Rietberg (mad). In diesem Jahr läuft einfach nichts wie geplant. Viele große Veranstaltungen mussten abgesagt werden, sehr zum Bedauern der Vereine. Doch das Ganze kann auch etwas Gutes haben. Wie bitte? Ja, tatsächlich. Denn so bleibt den Rietbergern ein bekanntes und beliebtes Gesicht noch ein weiteres Jahr erhalten.

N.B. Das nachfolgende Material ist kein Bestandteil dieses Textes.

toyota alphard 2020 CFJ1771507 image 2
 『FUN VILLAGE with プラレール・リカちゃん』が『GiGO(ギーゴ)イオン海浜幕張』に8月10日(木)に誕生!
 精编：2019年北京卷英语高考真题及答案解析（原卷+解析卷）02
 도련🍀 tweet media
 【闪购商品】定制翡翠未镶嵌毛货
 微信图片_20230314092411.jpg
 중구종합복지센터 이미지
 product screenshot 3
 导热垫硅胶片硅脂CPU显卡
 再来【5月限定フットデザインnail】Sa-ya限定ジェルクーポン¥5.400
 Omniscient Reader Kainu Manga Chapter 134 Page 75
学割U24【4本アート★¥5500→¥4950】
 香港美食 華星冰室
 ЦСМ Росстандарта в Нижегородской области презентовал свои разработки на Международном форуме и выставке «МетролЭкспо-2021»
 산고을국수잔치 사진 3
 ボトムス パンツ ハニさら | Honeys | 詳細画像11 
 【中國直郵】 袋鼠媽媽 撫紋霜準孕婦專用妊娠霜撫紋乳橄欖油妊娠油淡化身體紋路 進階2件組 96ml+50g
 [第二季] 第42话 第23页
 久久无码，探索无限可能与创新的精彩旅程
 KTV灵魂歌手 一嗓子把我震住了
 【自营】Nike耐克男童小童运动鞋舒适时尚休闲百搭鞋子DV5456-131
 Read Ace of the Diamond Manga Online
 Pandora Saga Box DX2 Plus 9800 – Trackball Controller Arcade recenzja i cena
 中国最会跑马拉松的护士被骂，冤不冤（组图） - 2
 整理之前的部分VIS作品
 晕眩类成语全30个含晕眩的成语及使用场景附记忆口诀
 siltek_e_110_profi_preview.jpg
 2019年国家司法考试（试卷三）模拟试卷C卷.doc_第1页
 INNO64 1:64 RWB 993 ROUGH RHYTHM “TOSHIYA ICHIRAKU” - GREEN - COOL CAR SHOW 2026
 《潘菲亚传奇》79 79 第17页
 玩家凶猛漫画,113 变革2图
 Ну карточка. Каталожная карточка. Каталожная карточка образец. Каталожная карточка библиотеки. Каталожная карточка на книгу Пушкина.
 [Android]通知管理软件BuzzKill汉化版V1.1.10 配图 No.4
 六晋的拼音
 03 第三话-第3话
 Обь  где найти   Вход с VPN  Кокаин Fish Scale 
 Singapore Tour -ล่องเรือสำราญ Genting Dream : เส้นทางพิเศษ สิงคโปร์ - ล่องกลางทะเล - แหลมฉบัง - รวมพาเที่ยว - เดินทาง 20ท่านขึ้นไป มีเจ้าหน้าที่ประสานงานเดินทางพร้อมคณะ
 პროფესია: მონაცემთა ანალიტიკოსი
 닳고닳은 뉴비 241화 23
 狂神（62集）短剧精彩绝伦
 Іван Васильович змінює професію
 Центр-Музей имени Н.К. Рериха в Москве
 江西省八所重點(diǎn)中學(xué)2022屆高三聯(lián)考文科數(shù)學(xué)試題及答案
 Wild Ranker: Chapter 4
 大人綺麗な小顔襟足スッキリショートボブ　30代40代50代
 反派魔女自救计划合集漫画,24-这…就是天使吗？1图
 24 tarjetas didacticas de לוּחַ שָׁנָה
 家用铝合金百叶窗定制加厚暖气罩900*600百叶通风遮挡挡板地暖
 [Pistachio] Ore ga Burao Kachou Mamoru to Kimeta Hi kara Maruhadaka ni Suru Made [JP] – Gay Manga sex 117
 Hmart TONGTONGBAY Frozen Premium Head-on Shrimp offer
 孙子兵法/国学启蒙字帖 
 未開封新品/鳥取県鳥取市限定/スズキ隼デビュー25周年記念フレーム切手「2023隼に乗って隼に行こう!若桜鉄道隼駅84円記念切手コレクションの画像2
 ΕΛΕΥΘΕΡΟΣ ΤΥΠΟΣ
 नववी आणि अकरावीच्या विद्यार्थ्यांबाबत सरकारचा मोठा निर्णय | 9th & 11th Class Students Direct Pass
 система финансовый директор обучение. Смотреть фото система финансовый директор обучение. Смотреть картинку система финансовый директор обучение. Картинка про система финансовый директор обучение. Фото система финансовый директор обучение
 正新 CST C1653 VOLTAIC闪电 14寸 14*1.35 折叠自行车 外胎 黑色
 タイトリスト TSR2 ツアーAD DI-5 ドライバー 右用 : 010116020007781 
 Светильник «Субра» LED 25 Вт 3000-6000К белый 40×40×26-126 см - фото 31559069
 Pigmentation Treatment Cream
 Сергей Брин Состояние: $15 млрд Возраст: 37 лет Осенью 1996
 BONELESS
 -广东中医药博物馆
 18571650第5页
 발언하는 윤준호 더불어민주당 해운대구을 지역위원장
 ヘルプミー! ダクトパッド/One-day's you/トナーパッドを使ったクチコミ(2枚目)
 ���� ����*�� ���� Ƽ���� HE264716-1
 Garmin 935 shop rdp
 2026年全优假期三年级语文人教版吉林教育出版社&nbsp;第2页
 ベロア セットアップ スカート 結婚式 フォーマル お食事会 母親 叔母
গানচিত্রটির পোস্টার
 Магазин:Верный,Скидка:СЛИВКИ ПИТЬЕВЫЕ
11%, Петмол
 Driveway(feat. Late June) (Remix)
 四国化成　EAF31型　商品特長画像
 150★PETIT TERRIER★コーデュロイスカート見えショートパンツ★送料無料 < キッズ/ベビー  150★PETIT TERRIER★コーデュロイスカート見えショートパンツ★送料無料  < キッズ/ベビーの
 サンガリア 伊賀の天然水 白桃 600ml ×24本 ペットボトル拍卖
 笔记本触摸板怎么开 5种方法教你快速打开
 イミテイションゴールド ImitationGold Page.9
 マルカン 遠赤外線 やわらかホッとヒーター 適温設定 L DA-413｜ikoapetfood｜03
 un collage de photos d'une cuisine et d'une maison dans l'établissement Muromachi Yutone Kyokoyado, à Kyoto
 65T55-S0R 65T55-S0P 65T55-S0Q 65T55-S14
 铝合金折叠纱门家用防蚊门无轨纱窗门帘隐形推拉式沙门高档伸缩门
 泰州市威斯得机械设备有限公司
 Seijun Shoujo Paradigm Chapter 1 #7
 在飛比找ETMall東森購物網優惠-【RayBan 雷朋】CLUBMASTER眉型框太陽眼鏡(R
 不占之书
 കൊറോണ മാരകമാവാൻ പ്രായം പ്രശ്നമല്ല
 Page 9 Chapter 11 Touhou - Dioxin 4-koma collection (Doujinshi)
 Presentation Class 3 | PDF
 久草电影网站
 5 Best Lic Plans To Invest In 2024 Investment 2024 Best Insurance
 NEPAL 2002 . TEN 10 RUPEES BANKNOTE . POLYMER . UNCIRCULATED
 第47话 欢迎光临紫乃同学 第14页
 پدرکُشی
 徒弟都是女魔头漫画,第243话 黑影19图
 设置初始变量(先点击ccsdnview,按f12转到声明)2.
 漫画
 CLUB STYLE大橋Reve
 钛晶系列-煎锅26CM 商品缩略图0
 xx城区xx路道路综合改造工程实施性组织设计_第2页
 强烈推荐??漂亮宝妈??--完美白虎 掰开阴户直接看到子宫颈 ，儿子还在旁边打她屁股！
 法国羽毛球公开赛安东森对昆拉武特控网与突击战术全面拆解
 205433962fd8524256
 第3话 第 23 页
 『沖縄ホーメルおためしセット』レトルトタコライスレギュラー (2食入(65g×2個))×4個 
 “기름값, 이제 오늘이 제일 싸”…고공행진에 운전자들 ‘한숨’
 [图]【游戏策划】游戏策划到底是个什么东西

Denn eigentlich hätte sich Jürgen Descher in diesem Jahr von der Bühne verabschiedet. „Mein letzter Auftritt war für das vergangene Wochenende beim BWK-Kongress geplant“, so der Leiter des Rietberger Fanfarenzuges. Und im karnevalistischem Sinne, der dem charismatischen Herrn mit dem Taktstock in der Hand und dem breiten Lächeln im Gesicht gar nicht so fern ist, wäre das Jahr 2020 das perfekte Abschiedsjahr gewesen: „Ich bin nun 55 Jahre alt und seit 33 Jahren erster Vorsitzender und Tambour-Major“, macht er auf den Schnapszahlen-Reigen aufmerksam. Doch nun hängt Descher noch ein weiteres Jahr an seine Dienstzeit dran. „Meine Jungs können ja nicht loslassen“, sagt er scherzend. Aber – und da haben seine Jungs auch einfach Recht – einen richtigen und gebührenden Abschied sollte es schon geben.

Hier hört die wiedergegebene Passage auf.